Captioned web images
----

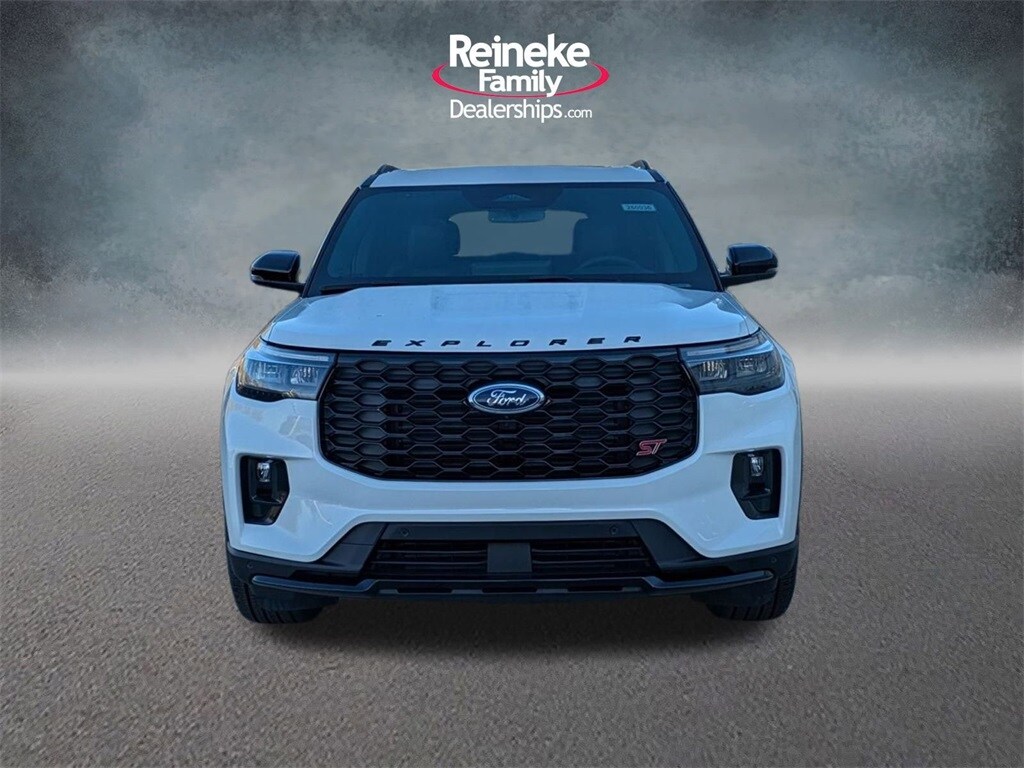 2026 Ford Explorer ST photo 2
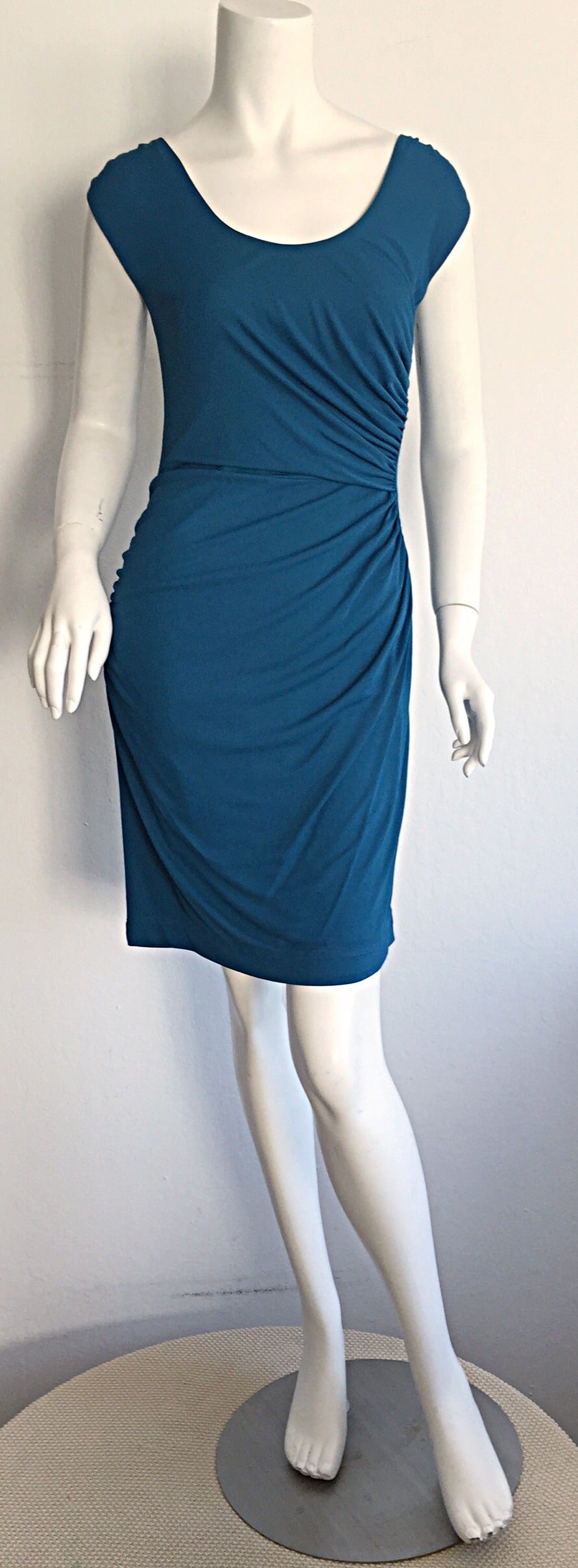 1990 Alberta Ferretti Taglia 6 / 8 Vestito Greciano Drappeggiato in Jersey Blu Vintage in vendita 4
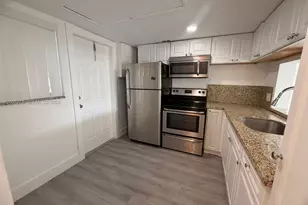 20111 NE 27th Ct, Aventura, FL 33180 - Photo 1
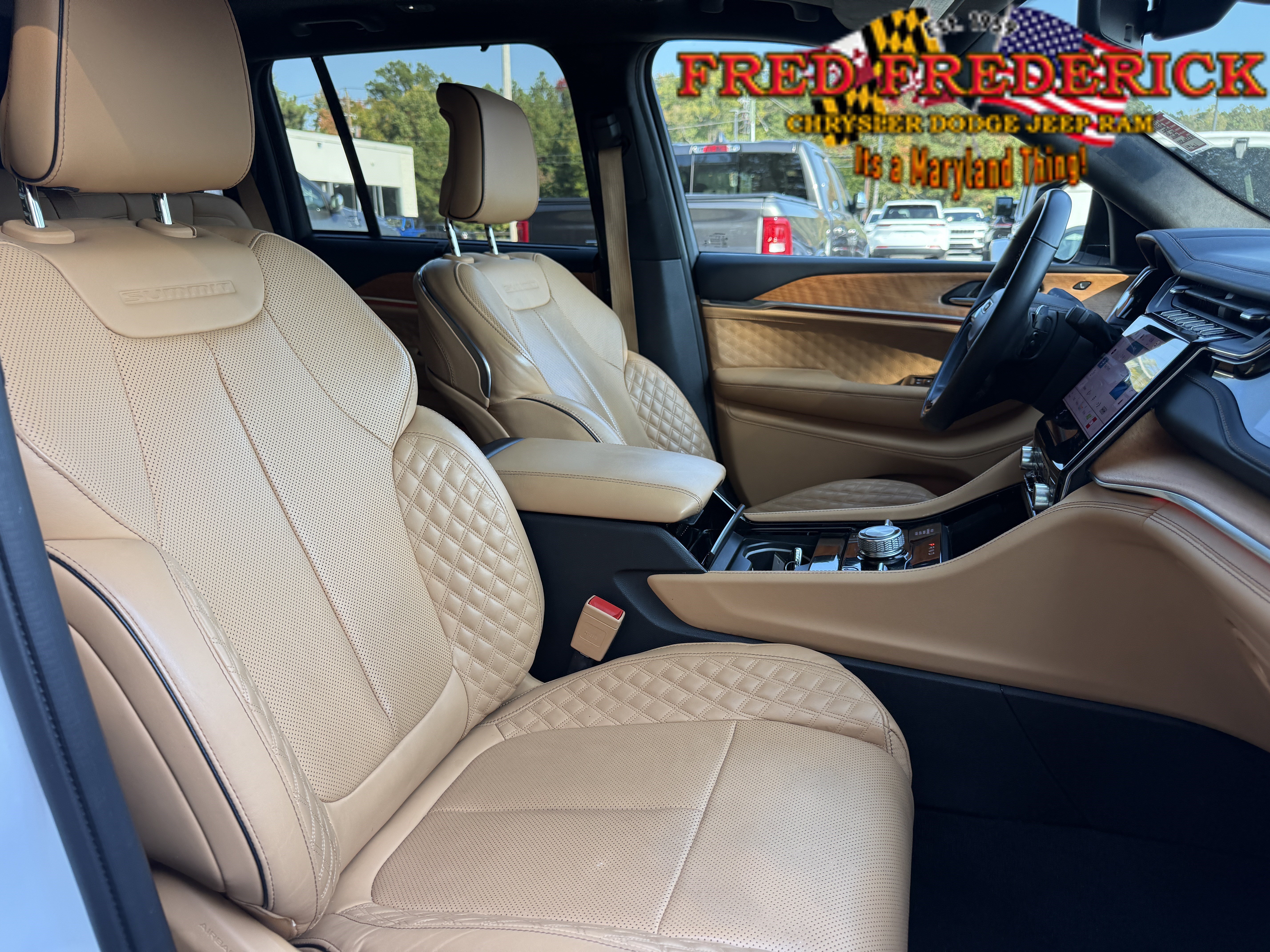 Used 2022 Jeep Grand Cherokee Summit AWD/4WD image 12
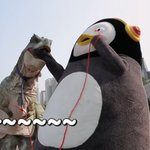 [댓글부탁해] 공룡 <b>산책</b>시키다가 손 물린거봐 ㄷㄷ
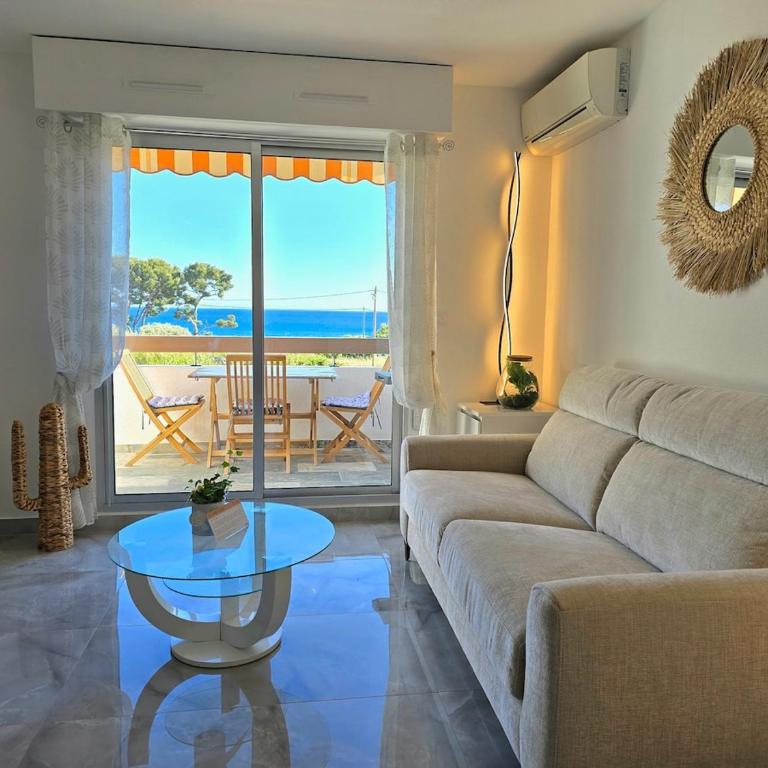 Holiday Dreams - Terrasse avec BBQ et magnifique vue mer, à 5min de la mer et commerce - BY AURAconciergerie - Studio mit Meerblick - 7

----

## Task objective
Where pictures appear, drop them, and reproduce exactly only the lines running from the beginning of the data to the line that contains "Used 2022 Jeep", inclusive.

## Solved problem
 2026 Ford Explorer ST photo 2
 1990 Alberta Ferretti Taglia 6 / 8 Vestito Greciano Drappeggiato in Jersey Blu Vintage in vendita 4
 20111 NE 27th Ct, Aventura, FL 33180 - Photo 1
 Used 2022 Jeep Grand Cherokee Summit AWD/4WD image 12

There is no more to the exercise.